Virginia's Readmission

After the ratification of the Underwood Constitution, Virginia began rebuilding its government, an essential step to gain readmission to the Union. In one of the most important elections in Virginia history, the Conservative Party and Republicans battled for control of Reconstruction Virginia. The Conservative Party saw that opposition to the Underwood Constitution and black suffrage was untenable, at least for the time being. They instead turned their attention to gaining control of the new General Assembly. The Party formed the "Committee of Nine," which petitioned the Federal government for permission to hold elections. With the help of moderate Republicans, President Ulysses S. Grant allowed them to hold an election for governor and a referendum on the constitution while still under military occupation in 1869.

The radical Republicans in the state nominated Henry H. Wells, a "carpetbagger" from Michigan, who chose a black physician, J. D. Harris, to share the ticket as his lieutenant governor. Wells alienated many moderate Republicans who eventually split to form their own party. The so-called True Republicans nominated Gilbert C. Walker, a New Yorker and prominent businessman who had lived in Norfolk since 1864. The Conservative Party saw a chance to exploit the Republicans' split and originally nominated Colonel Robert Withers, but in the end, most were afraid that it would be the Conservative rather than the Republican vote that would be divided. Instead, the Conservative Party threw their support to the True Republicans' nominee, Gilbert Walker.

Voters approved the Underwood Constitution in a landslide. Walker also won a substantial victory, but the election revealed how woefully divided the state was by race. Almost all the black vote went to Wells with the white vote going to Walker. In the legislature, Conservatives and True Republicans won the day. However, twenty-seven of the delegates to the new General Assembly were black. Mostly radical Republicans, they were the first African Americans to become lawmakers in Virginia. Still, Virginia was one of the only Southern states to throw off radical Republican rule at the time, and a massive Conservative resurgence was on the horizon. Even as Virginia was preparing for readmission to the Union, Radical Republicans were rapidly losing control.

The new General Assembly quickly complied with all the remaining requirements for readmission, including the ratification of the Fourteenth and Fifteenth Amendments. Virginia was officially readmitted to the Union on January 26, 1870, with the approval of Congress and President Grant.

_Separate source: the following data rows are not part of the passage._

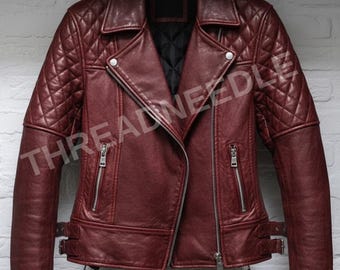 Handgemaakt - bordeauxrode vintage echt leren motorjas heren | Dimond-gewatteerde klassieke vintage rode motorbikerjack heren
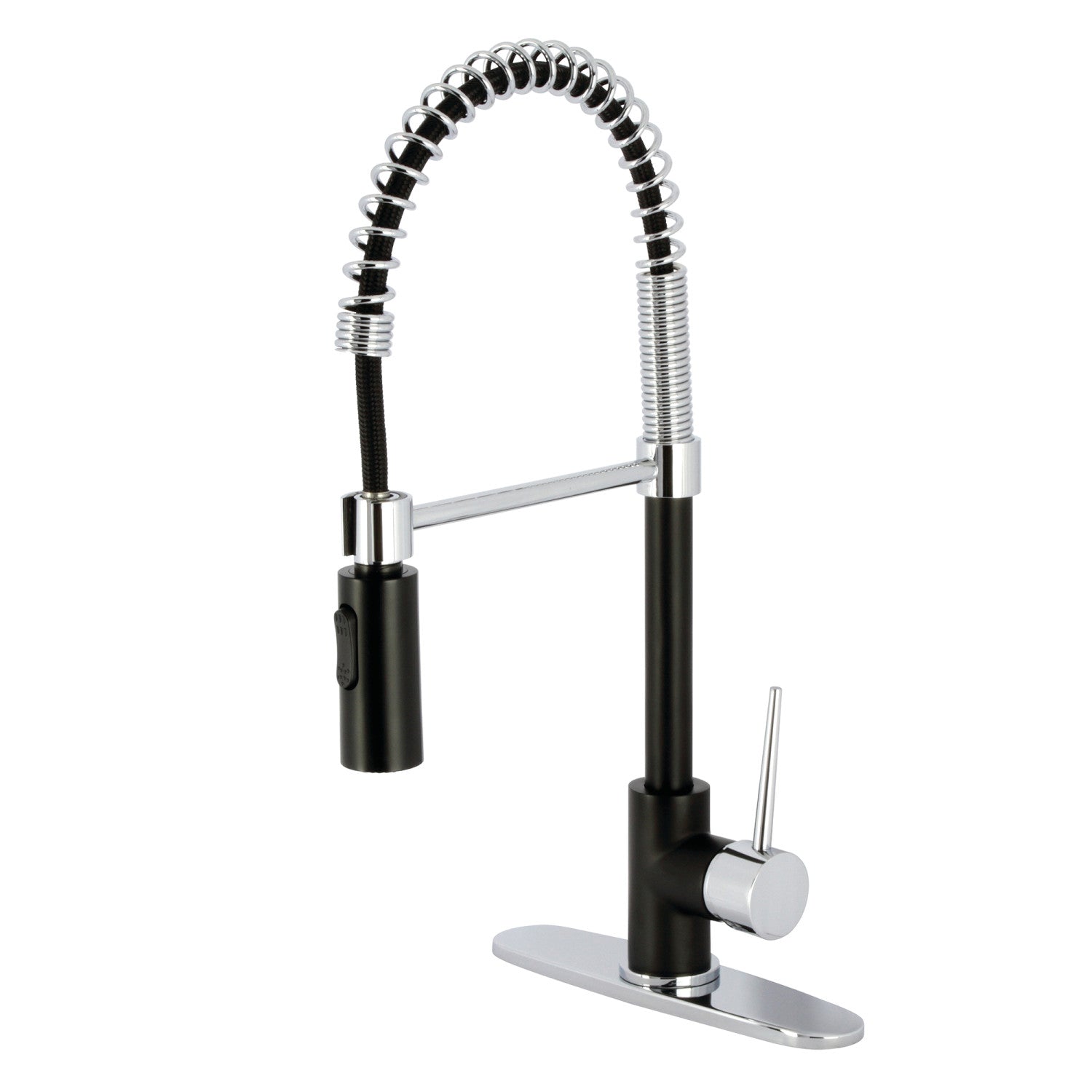 Kingston Sona LS8777NYL - Robinet de cuisine pré-rinçage à une poignée New York 1 trou, noir mat/chrome poli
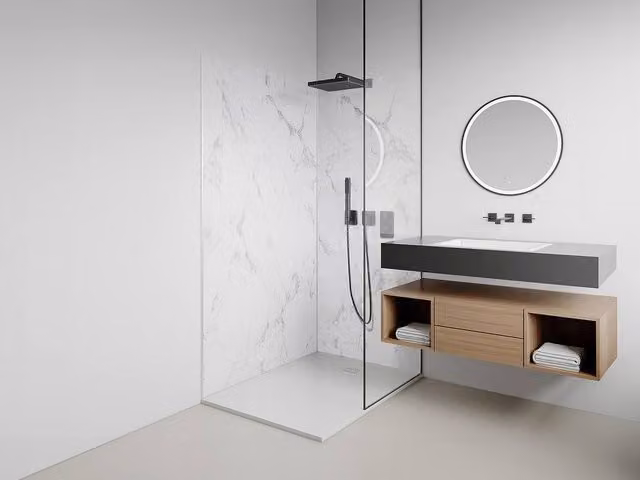 ENEKO Set of 2 White Marble Effect Aluminium Wall Panels for Bathroom and Shower, W/H: 90 x 120 cm – 1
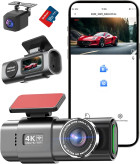 دوربین ثبت وقایع برند WeBeqer وایفای ۴K+1080P جلو عقب با کارت SD ۶۴ گیگابایت، کنترل برنامه، دید در شب، سنسور G، ضبط حلقهای، WDR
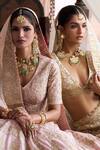 Sheetal Batra_Ivory Silk Organza Kiran Dori Plunge V Neck Embroidered Lehenga Set _Online_at_Aza_Fashions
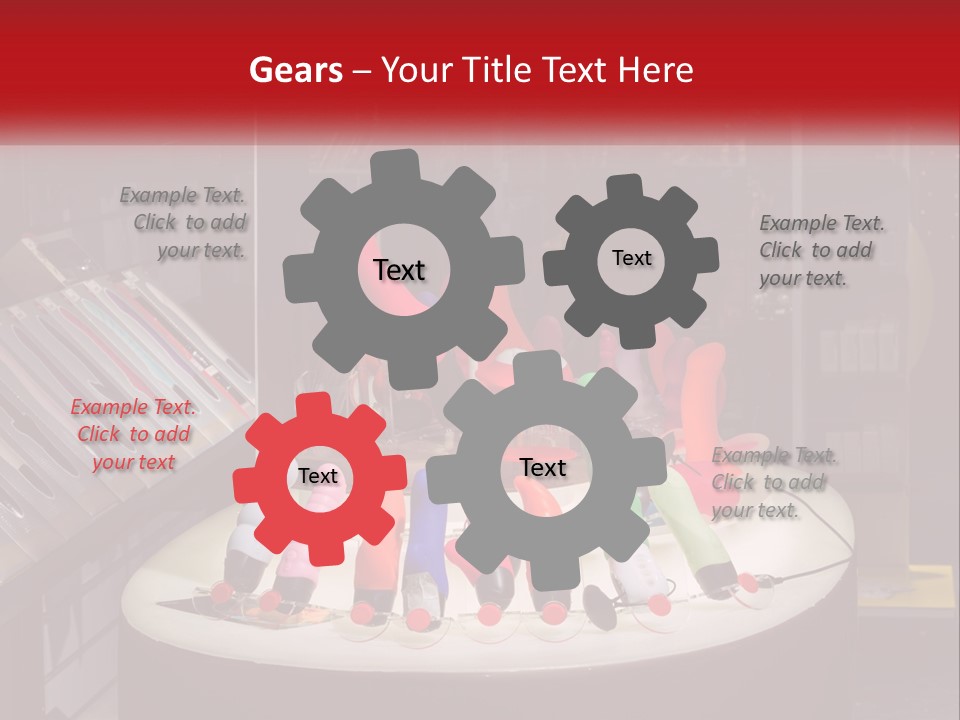 A Display Case Filled With Lots Of Different Colored Items PowerPoint Template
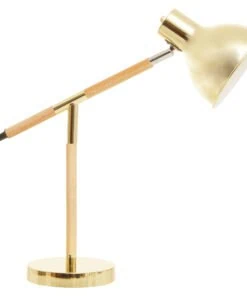 Stockholm Adjustable Desk Lamp in Shiny Brass Finish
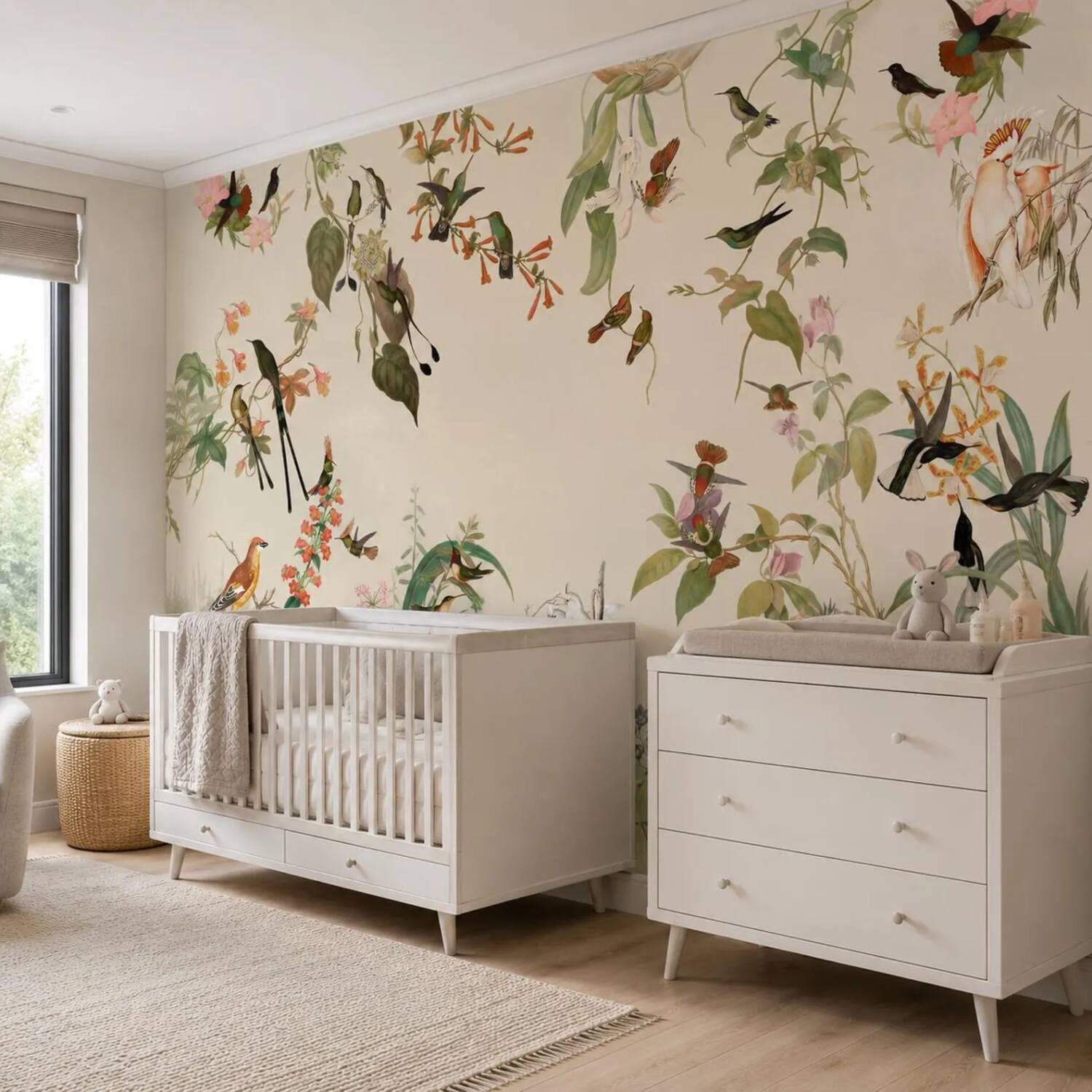 Green Cream Kids Room Wallpaper Peel And Stick Colorful Bird Wall Mural For Child And Baby Vintage Botanical Floral Removable Paper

Federal troops remained in Virginia for a time, but their influence was not nearly as pronounced by the early 1870s. Only 20,000 Federal troops still remained in the entire South at the time that Virginia was readmitted. Their waning influence allowed terrorist groups like the Ku Klux Klan to intimidate blacks into political marginalization, though their influence would not be fully felt until the late 1870s. Conservatives continued to rise in power in Virginia and throughout the South as the Republicans' will to continue their reconstruction plans began to wane and their attention turned elsewhere. By the election of 1876, Conservative governments had taken control of almost the entire South except for South Carolina, Louisiana, and Florida.

The Compromise of 1877

Reconstruction officially ended with the Compromise of 1877, which settled the disputed Presidential election of 1876. In that election, Republicans nominated Rutherford B. Hayes, the governor of Ohio. The Democrats threw their support to Samuel J. Tilden, governor of New York. Tilden apparently won the electoral college and the popular vote, but Republicans refused to accept the results, insisting that states in the Deep South had not counted African American votes. Both sides accused the other of fraud and voter suppression, and the true winner became very unclear.

With no clear winner, Congress established an election commission to decide. When the commission chose to award all the disputed electoral votes to Hayes, Democrats protested so forcefully that many feared a second civil war. Democrats in Congress refused to allow the official counting of the electoral votes until February 1877 when leaders from both parties met and came up with the Compromise of 1877. Democrats accepted Hayes' victory so long as Republicans would appoint a Southerner to the cabinet, fund internal improvements in the South, and most importantly, remove federal troops from the South. Hayes took office and ordered the removal of federal troops, leading to the collapse of several Deep South Republican governments. With the Compromise of 1877, Reconstruction came to a formal end, failing to protect black rights in the South.